In the last fortnight the Central Bank of Nigeria (“CBN”) has barred importers of specified goods and services from accessing the foreign-exchange market.

41 categories of goods and services according to the CBN are not valid for foreign-exchange purchases in the Nigerian foreign-exchange markets. The CBN seeks to conserve external reserves, stabilise the naira and encourage local production.

Listed items include textiles, rice, cement, furniture, kitchen utensils, poultry,and the purchase of Eurobonds, foreign-currency bonds and shares.

This is the latest policy intervention by the CBN to reduce the high demand for foreign exchange and shore up a weak naira following the drop in the country’s foreign-exchange earnings due to lower world oil prices.

Given the deterioration in Nigeria’s finances since the collapse of world oil prices, the President does not have many easy avenues to improve Nigeria’s fiscal condition.

The CBN said “We maintain our view that the lower oil price environment will encourage some reforms to the subsidy system.
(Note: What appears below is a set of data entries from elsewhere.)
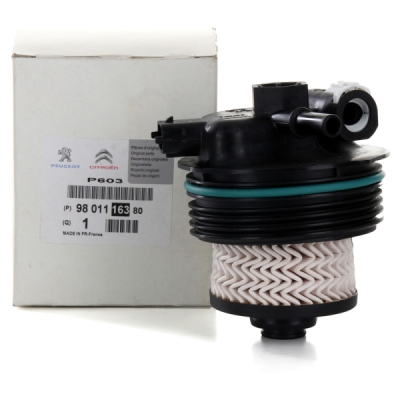 Filtru combustibil ORIGINAL PSA 9801116380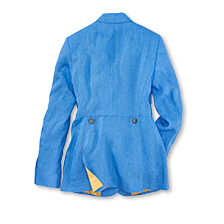 Alernatives Thumbnail 2 zu Leinen-Damen-Blazer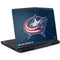 NHL Columbus Blue Jackets Distressed Dell Alienware Skin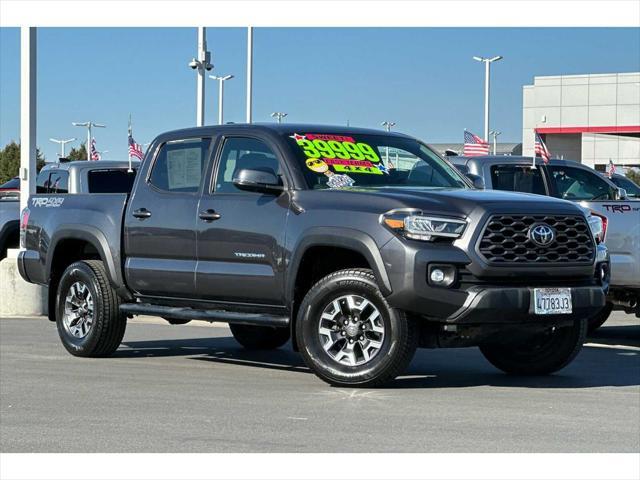 used 2022 Toyota Tacoma car, priced at $37,999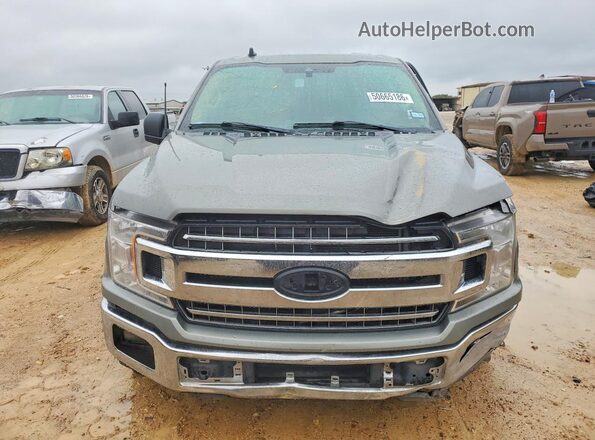 1FTEW1CP2LKD65663 2020 FORD F150 Gray Widok z przodu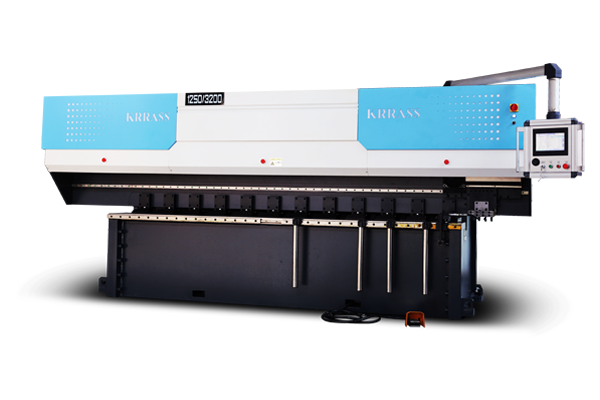 Krrass Vertical sheet metal V grooving machine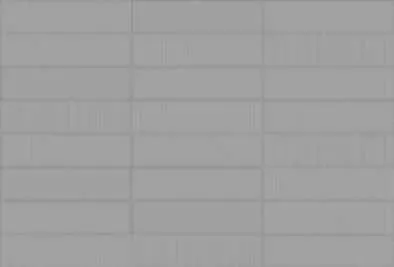 Geometra Charcoal Glossy Maze 3" x 12" (4000-0302-0) Glass Wall Tile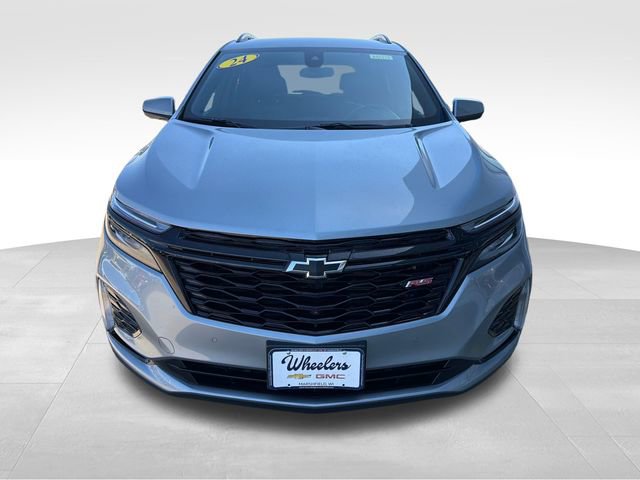 Used 2024 Chevrolet Equinox RS w/ RS Leather Package FWD image 10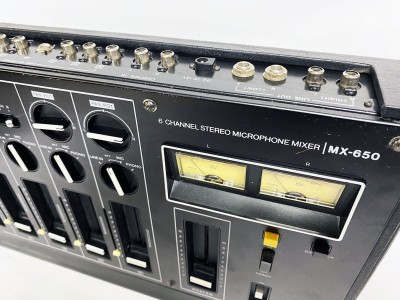 AKAI MX-650 Hifi Vintage réparations
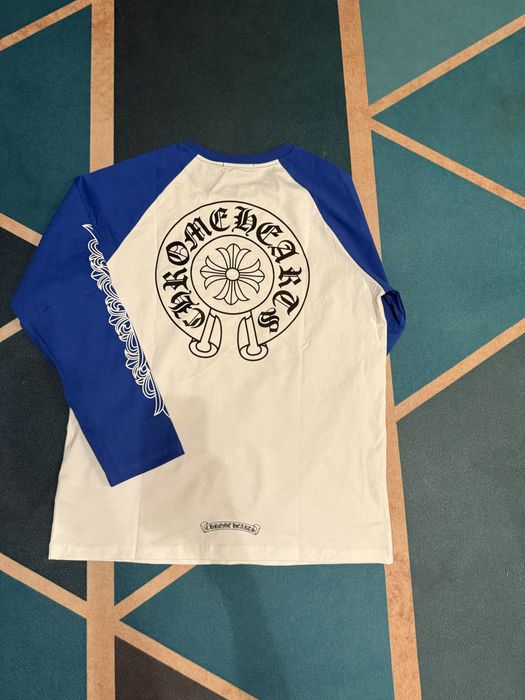 Лонгслив Chrome hearts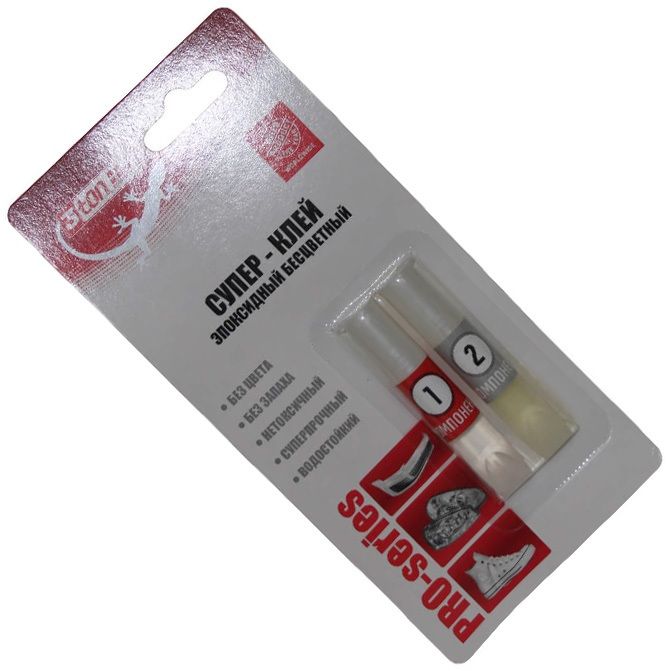 Супер-клей эпоксидный бесцветный ТР-115 10 гр Тритон 55401 - фото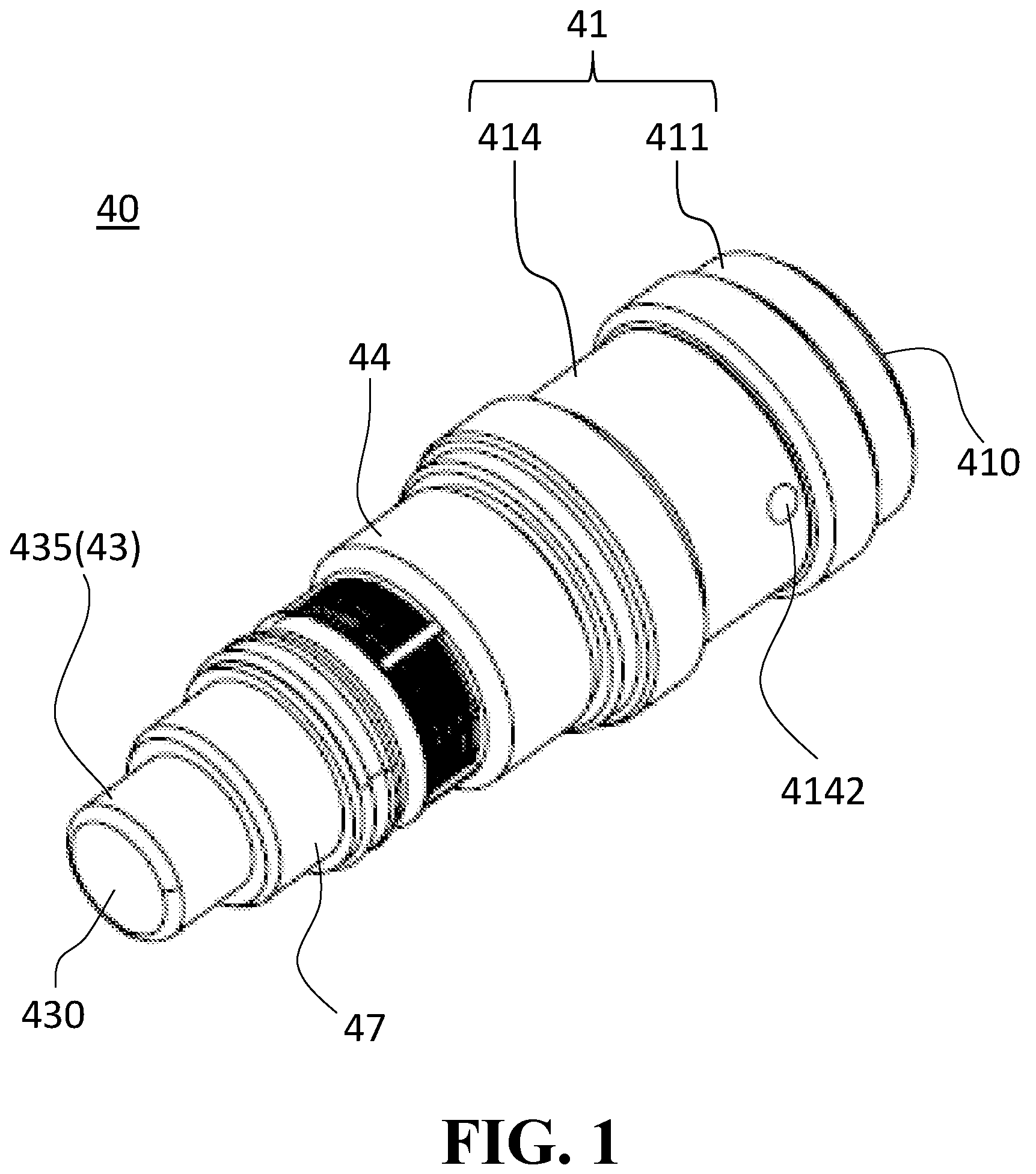 Patent US11781541 — Oil-scavenge pump and method for assembling the same — Figure 1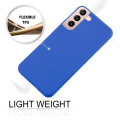 GOOSPERY Pearl Jelly Cover for Samsung S22 6.1" - Blue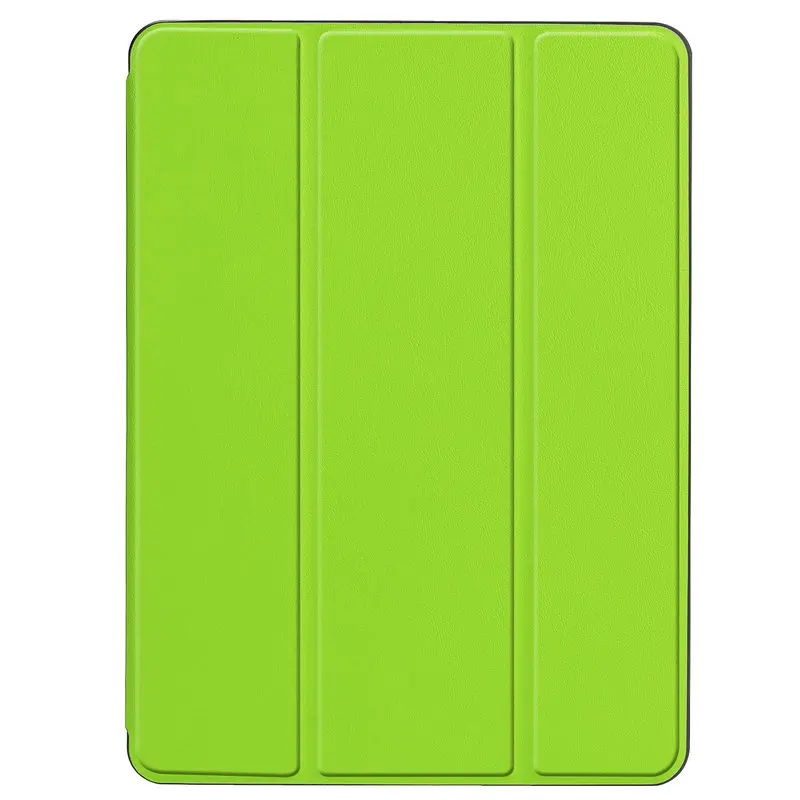 Green Чехол для iPad Air 3 10,5 /Pro 10,5 Smart Wake Sleep Cover для iPad Pro 10. 5 держатель ручки Флип кожаный чехол Fundas - Color: Green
Opposition from unions and consumers could limit the extent of reform.

Efforts to cut back expenditure (particularly capital expenditure) and a reduction of oil savings will keep the federal government’s deficit high, with state-level finances to be more precarious and will affect service delivery.

The CBN’s approach ties into our view that a further depreciation of the naira later in 2015 should not be discounted.”

In continuation of its forex curbs, the CBN has also has restricted the use of Naira denomination cards overseas.

This is happening three months after it reviewed downwards the existing limit on the usage of naira denominated cards for crossborder payments.

Where e a company requires a card for overseas payments, such firms should be encouraged to obtain foreign currency denominated cards, which would be issued against its domiciliary account, prepaid or credit card, “whose limits must be in line with the existing BTA provisions.”

The CBN further directed that henceforth banks must submit reports of all naira-denominated card transactions consummated overseas to the Nigerian Interbank Settlement System (NIBSS) on a daily basis.

The central bank (CBN) said in a statement it believed the 22 percent depreciation in the naira after it scrapped the official foreign exchange window “is optimal at this time” and the bank would not be pressured into “desperate measures”.